SCMP August 29, 2006


The evidence continues to fall, thick and fast, of blurred lines between the government and private sector - which are totally inappropriate for a modern, educated, prosperous society.


The Hong Kong Jockey Club is setting up a branch in Beijing to attract new members. Bully for them. However, one has to wonder where the money is coming from: this organisation was given a betting monopoly by the government, but it is run as a private club by a tiny, self-selecting group.

It has club houses and other, splendid, fixed assets for the non-racing enjoyment of its members - which are valued on its books, under "members' services", at a mere HK$284 million.


I am all in favour of horse racing, whether as a sport for lovers of horses or a device for lovers of gambling. But the millions who use the monopoly gambling facilities in effect subsidise leisure facilities for a club which has only about 20,000 active members.


Enabling football betting is certainly a service to the public. But the fact that it was given to the Jockey Club, further extending its monopoly, raises many questions about propriety - given that its stewards and voting members make up just 1 per cent of the total.

Let us hear no more nonsense about how much good the Jockey Club does via the charities it supports. The whole system reeks of the worst aspects of colonial paternalism in which do-gooding is closely linked to elite clubbery and social climbing, and payments are made on the basis of opaque judgments by people who select themselves.

In 2004-2005, almost 40 per cent of the club's HK$1 billion donations went to a scheme called Positive Adolescent Training through Holistic Social Programmes - whatever that means - to be administered by the government bureaucracy.

Despite a monopoly that nets it some HK$2.5 billion after betting duty and tax, there is only modest accountability for its overall spending - and particularly for the charitable donations, which vary drastically from year to year.

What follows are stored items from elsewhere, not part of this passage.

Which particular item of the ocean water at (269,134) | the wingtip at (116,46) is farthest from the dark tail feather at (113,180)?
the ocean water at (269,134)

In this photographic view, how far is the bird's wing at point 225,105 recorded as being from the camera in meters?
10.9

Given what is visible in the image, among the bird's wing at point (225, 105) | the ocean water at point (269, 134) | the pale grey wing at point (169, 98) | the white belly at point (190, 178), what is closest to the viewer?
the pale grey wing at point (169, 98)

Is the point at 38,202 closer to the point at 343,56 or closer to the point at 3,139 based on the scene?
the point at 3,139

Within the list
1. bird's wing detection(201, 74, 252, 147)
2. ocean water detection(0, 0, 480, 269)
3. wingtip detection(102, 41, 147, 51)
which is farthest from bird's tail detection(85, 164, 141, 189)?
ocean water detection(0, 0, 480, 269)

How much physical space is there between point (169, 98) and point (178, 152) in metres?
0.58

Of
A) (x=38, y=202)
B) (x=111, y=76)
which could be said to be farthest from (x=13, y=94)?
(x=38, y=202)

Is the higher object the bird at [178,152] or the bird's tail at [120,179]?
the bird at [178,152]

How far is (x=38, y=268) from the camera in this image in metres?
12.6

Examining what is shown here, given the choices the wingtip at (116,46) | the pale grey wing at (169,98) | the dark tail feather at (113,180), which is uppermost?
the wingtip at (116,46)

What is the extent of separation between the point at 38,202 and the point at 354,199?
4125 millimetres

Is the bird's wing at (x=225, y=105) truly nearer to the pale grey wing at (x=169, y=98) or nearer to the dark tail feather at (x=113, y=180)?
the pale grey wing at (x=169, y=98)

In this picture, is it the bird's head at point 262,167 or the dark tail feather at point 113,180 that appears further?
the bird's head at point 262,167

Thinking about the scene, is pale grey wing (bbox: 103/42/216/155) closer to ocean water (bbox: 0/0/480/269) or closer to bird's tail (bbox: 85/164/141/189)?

Let us put an end to these antiquated, centralised charity systems (including the Community Chest) - and encourage everyone from tycoon Li Ka-shing to the average householder to contribute personally to the charities of their choice.

You can be sure they won't be funding government bureaucrats. Hong Kong lacks the sort of sports facilities that are the norm in far less prosperous places. Corpulent representatives of sport and culture press for giant, "world-class" stadiums - and doubtless big public-works contracts for builders - while local sports such as football languish partly for want of local facilities.

Another bit of mutual back-scratching by the bureaucrats is evident in the use of public funds - in the form of a senior government employee - to promote the candidacy of Margaret Chan Fung Fu-chun as head of the World Health Organisation. Dr Chan left the government to join the WHO, and has a career there whether or not she succeeds in her leadership bid.

That was a reasonable career decision, particularly after the criticism she faced for the handling of the severe acute respiratory syndrome outbreak. But she, not the Hong Kong government, made her career choice.

If Hong Kong wants to promote one of its own as a senior international official it could do better than a bureaucrat whose local career ended in controversy.

Dr Chan is technically very competent. But the ability to stand up to pressure from governments and corporations is an even more important qualification for this job. Dr Chan showed rather less resolution in dealing with the mainland in the early days of Sars.

Until the legislature can regain more oversight over Chief Executive Donald Tsang Yam-kuen's expanding bureaucracy, public assets will continue to be squandered for the benefit of insiders - public or private.